Franz Schubert (Liechtenthal 1797 – Vienna 1828)
Ouverture “nello stile italiano” in do maggiore op. 170 D. 591
Adagio, Allegro
Il 1817 fu un anno importante per Schubert che ebbe l’opportunità di fare nuove conoscenze utili al fine di riscuotere apprezzamenti sempre più lusinghieri per la sua musica; ricordiamo, infatti, il famoso cantante dell’Opera di Vienna Johann Michele Vogl, il quale, quando capì che la sua collaborazione di esteta e di cantante sarebbe stata preziosa e determinante per la nascita e la diffusione dei Lieder di Schubert, abbandonò le scene per interpretarli personalmente.

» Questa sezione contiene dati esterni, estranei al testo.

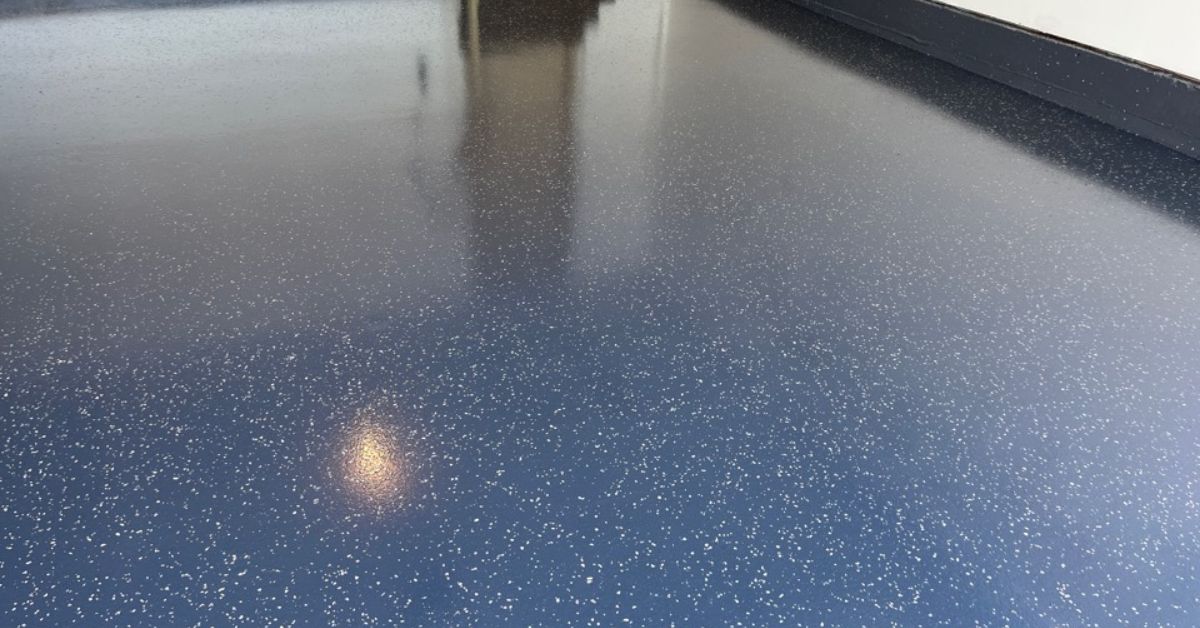 epoxy flooring with a blue base and white flakes - Innovative Garage Flooring epoxy flooring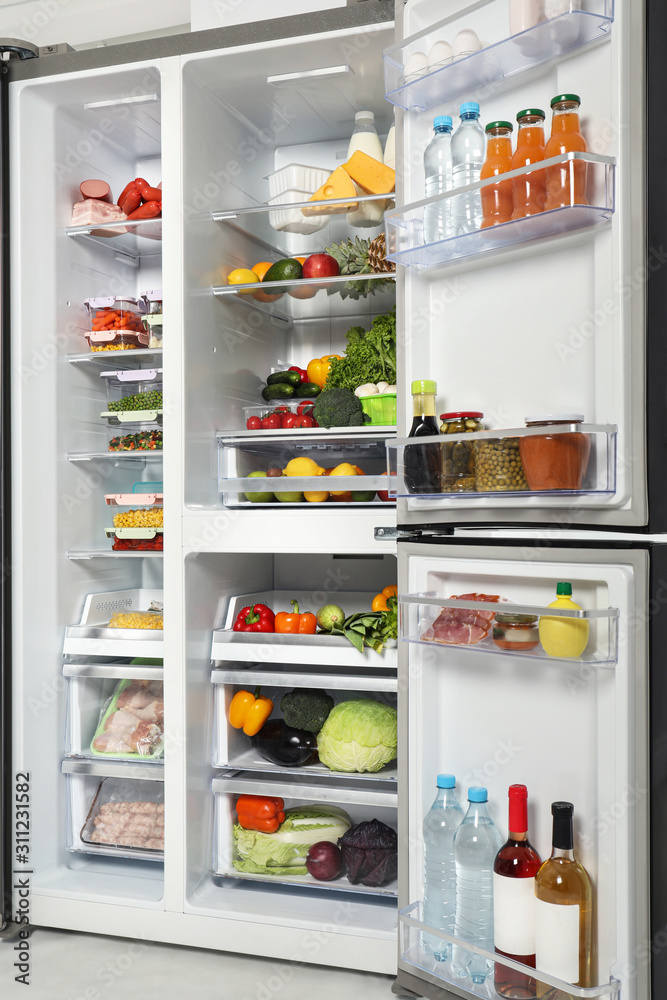 Open refrigerator full of different fresh products Open refrigerator full of different fresh products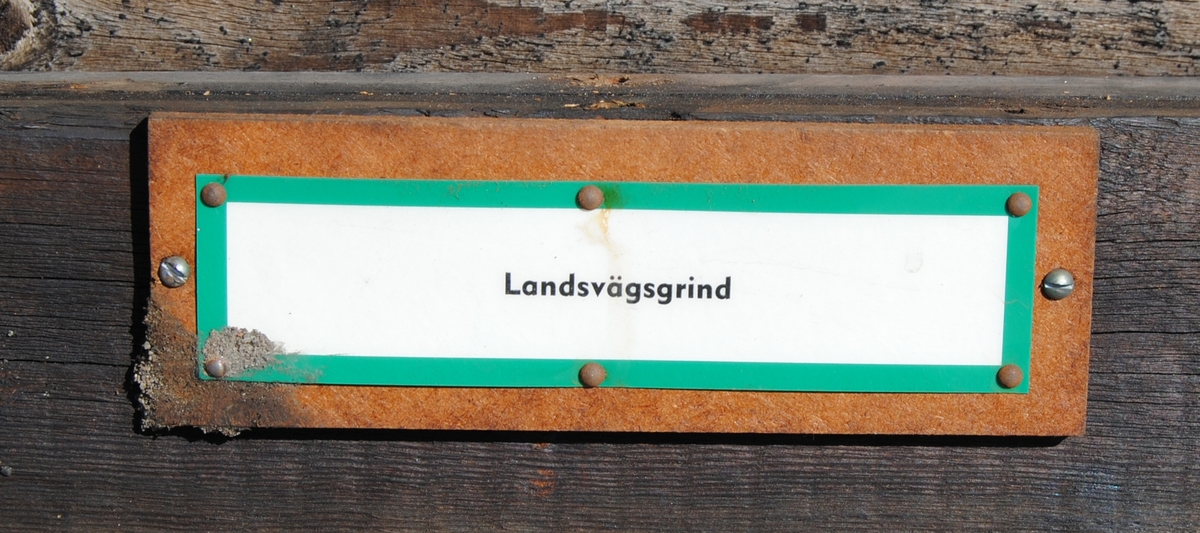 Brun landsvägsgrind med två horisontella reglar och en diagonal. Den har gångsjärn och slagfjäder av svart metall. På mitten av grinden finns en skylt med vit botten och gröna kanter. På finns texten: "Landsvägsgrind", tryckt i svart.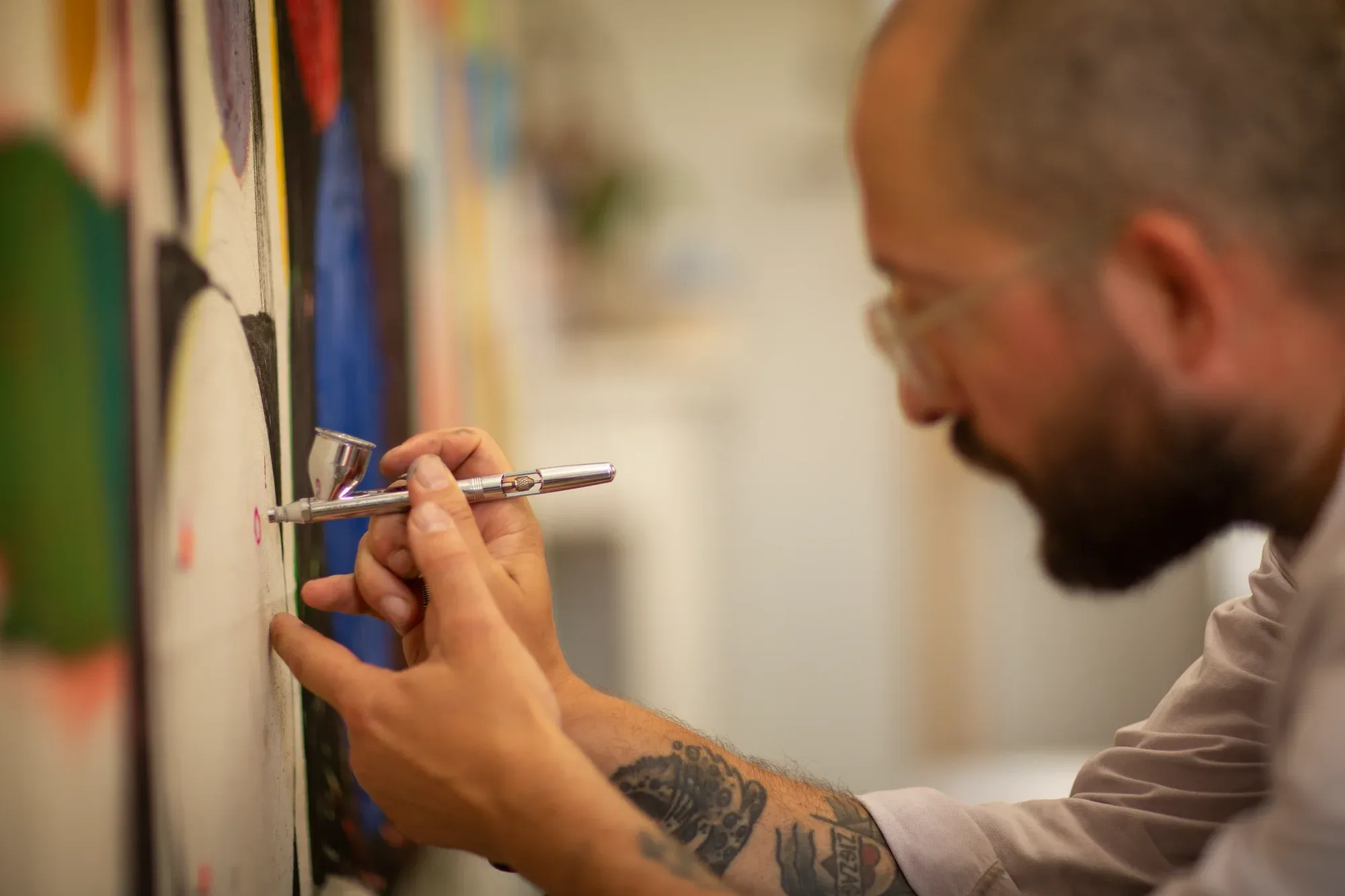 sune christiansen applying fine details to abstract painting with airbrush in studio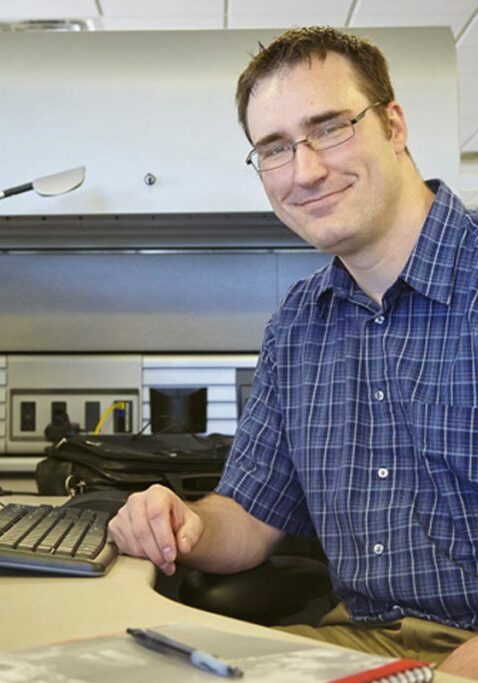 mn employment center man smiling in front of computer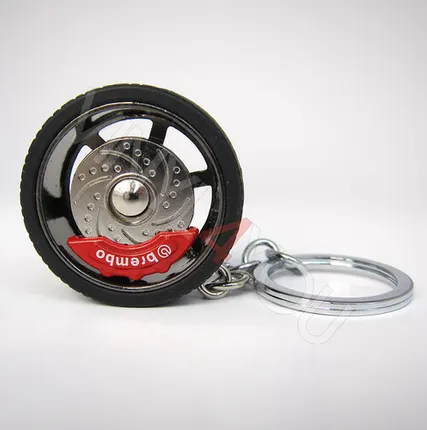 Фото №0 Брелок автомобильный диск с шиной серебро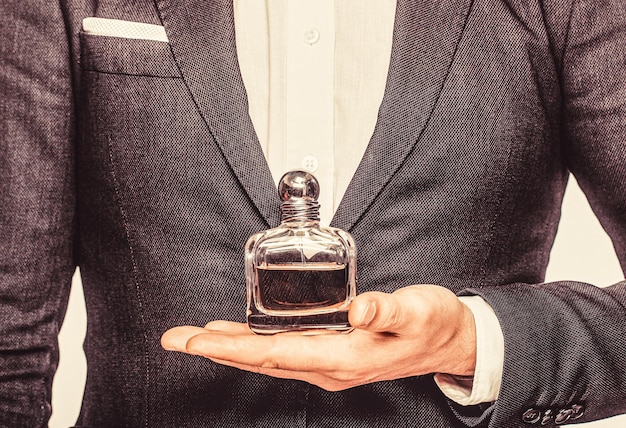 Butelka i perfumerię zapach kosmetyki butelka wody kolońskiej mężczyzna trzymający wodę kolońską Perfumy męskie Mężczyzna trzymający butelkę perfum Perfumy męskie zapach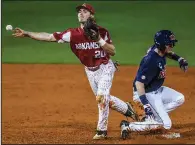  ?? AP/The Oxford Eagle/BRUCE NEWMAN ?? Arkansas’ Carson Shaddy (20) throws to first base to turn a double play after forcing out Mississipp­i’s Will Golsan on Thursday during the No. 6 Razorbacks’ 6-4 victory over the No. 4 Rebels in Oxford, Miss.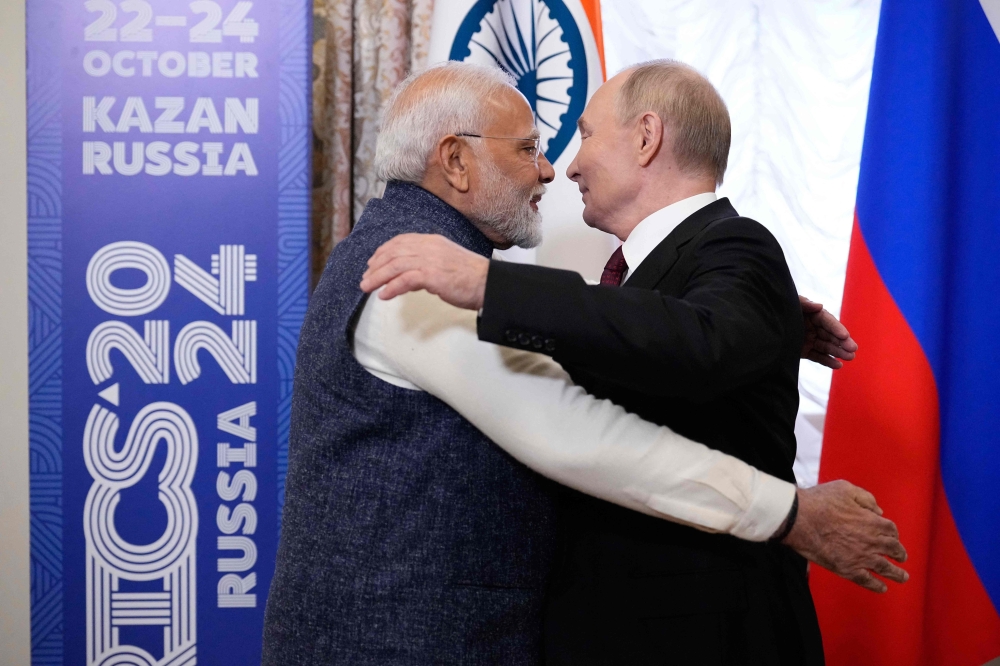Russia's President Vladimir Putin meets with Indian Prime Minister Narendra Modi on the sidelines of the BRICS summit in Kazan on October 22, 2024. (Photo by Alexander Zemlianichenko / POOL / AFP)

Il 1817 fu anche un anno fecondo di opere, in quanto Schubert, libero da ogni legame con la famiglia e con la scuola, poté dedicarsi totalmente all’attività compositiva raggiungendo alti livelli nel campo liederistico con il Gruppo al Tartaro, la cui musica sembra assumere le dimensioni maestose di una scultura a bassorilievo, e, su versi di Goethe, con Ganimede in cui la perfetta fusione di poesia e musica esprime in modo eccellente l’ascesa all’Olimpo del protagonista portato dagli artigli dell’aquila che lo ha rapito.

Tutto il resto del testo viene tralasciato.